# What you have to do
Copy out the listing below exactly, please, and skip any pictures.

# Given information
● ● ● ●
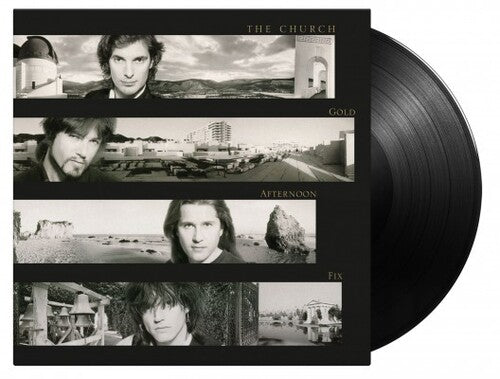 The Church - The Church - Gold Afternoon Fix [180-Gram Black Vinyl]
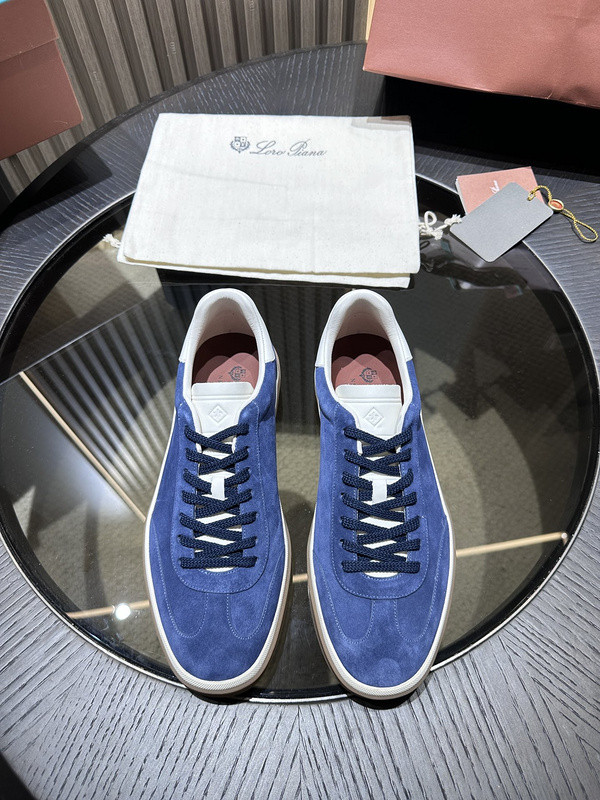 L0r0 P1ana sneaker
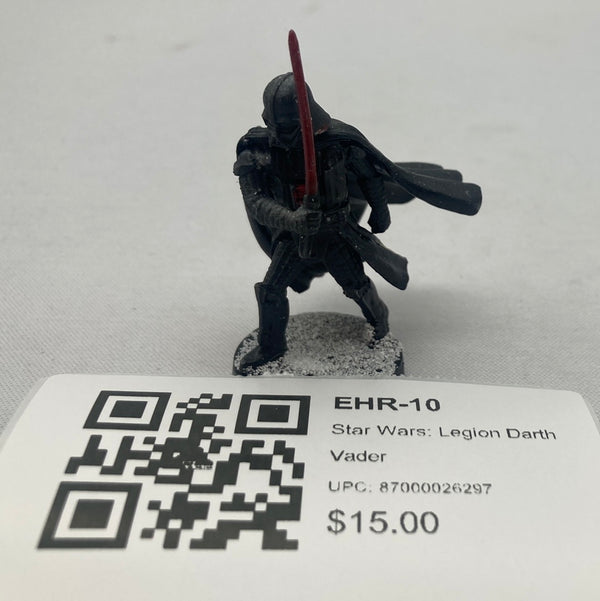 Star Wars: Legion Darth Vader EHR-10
● ● ● ●
# The completed task
 The Church - The Church - Gold Afternoon Fix [180-Gram Black Vinyl]
 L0r0 P1ana sneaker
 Star Wars: Legion Darth Vader EHR-10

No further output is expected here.